-------- SUPPLIED MATERIAL

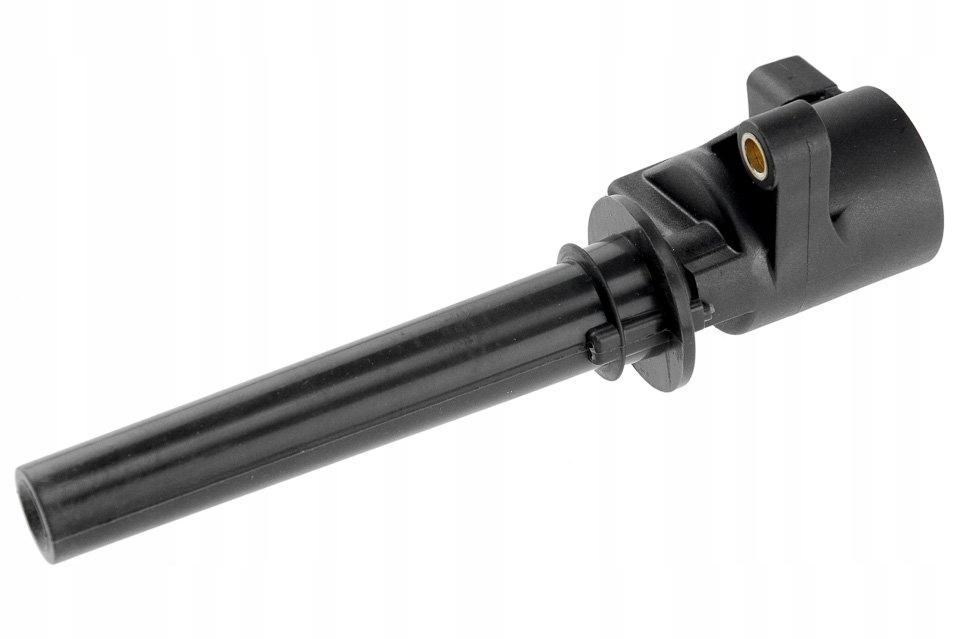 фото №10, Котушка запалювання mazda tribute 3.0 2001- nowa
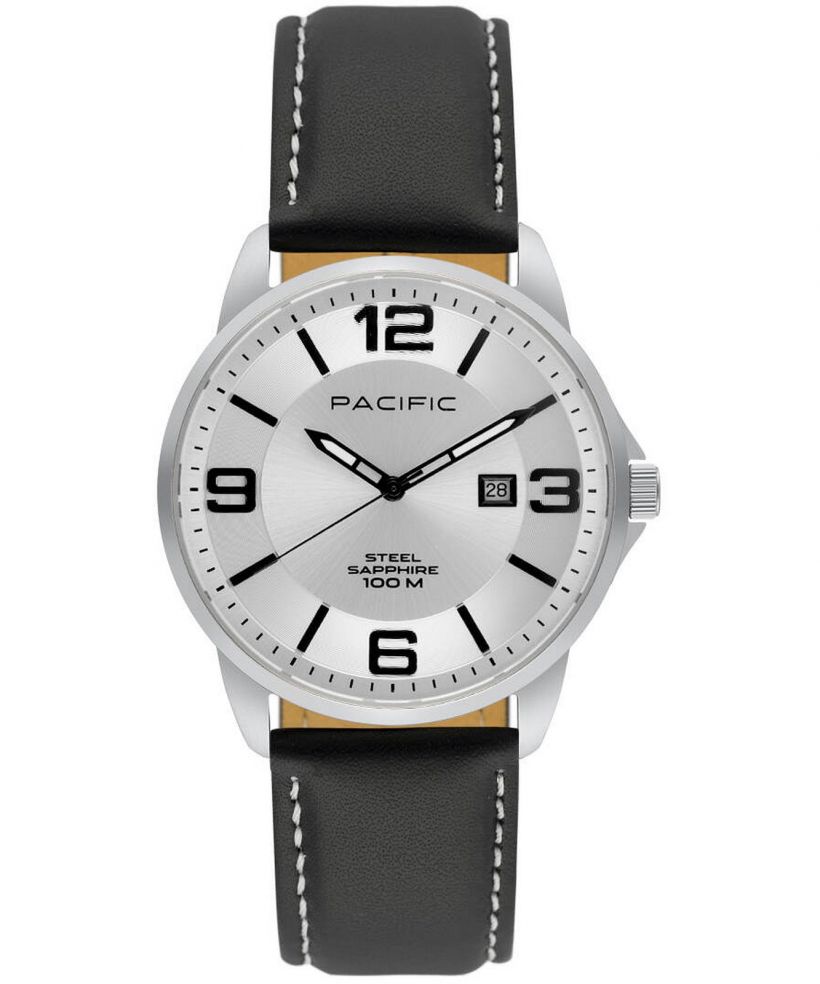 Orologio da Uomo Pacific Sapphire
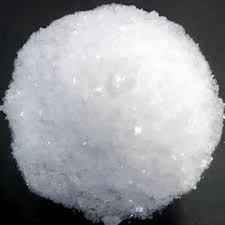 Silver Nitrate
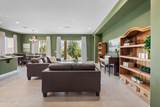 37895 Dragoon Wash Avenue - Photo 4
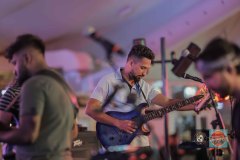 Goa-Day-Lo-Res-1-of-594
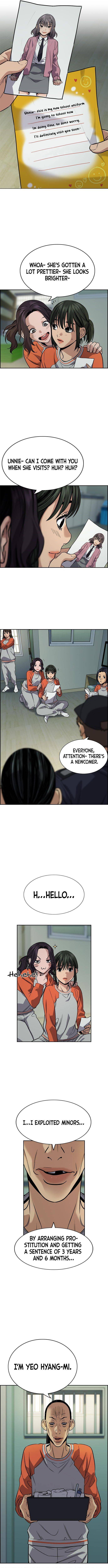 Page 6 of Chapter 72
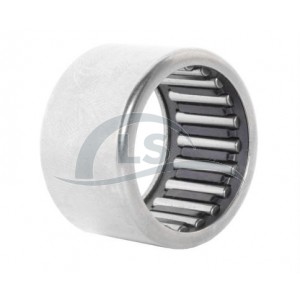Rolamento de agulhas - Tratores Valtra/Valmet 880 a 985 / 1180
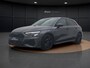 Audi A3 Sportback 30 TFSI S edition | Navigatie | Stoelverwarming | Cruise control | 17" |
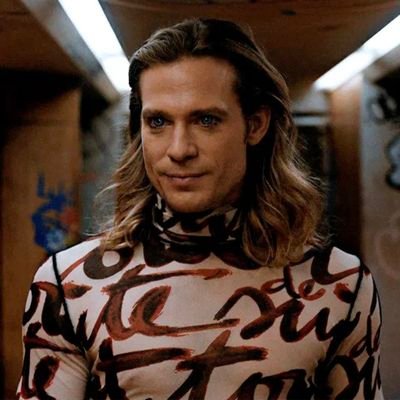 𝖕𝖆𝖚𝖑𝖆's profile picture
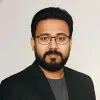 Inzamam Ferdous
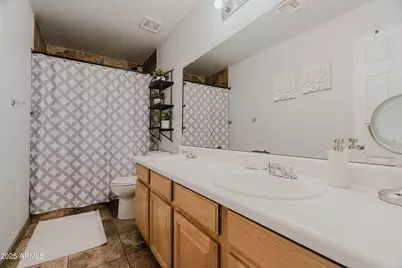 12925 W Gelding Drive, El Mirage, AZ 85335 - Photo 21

----------------

WHAT IS REQUIRED: Leave the pictures out, then output exactly the lines from the "𝖕𝖆𝖚𝖑𝖆's profile picture" line through the end of the records above, and no others.

SOLVED PROBLEM:
 𝖕𝖆𝖚𝖑𝖆's profile picture
 Inzamam Ferdous
 12925 W Gelding Drive, El Mirage, AZ 85335 - Photo 21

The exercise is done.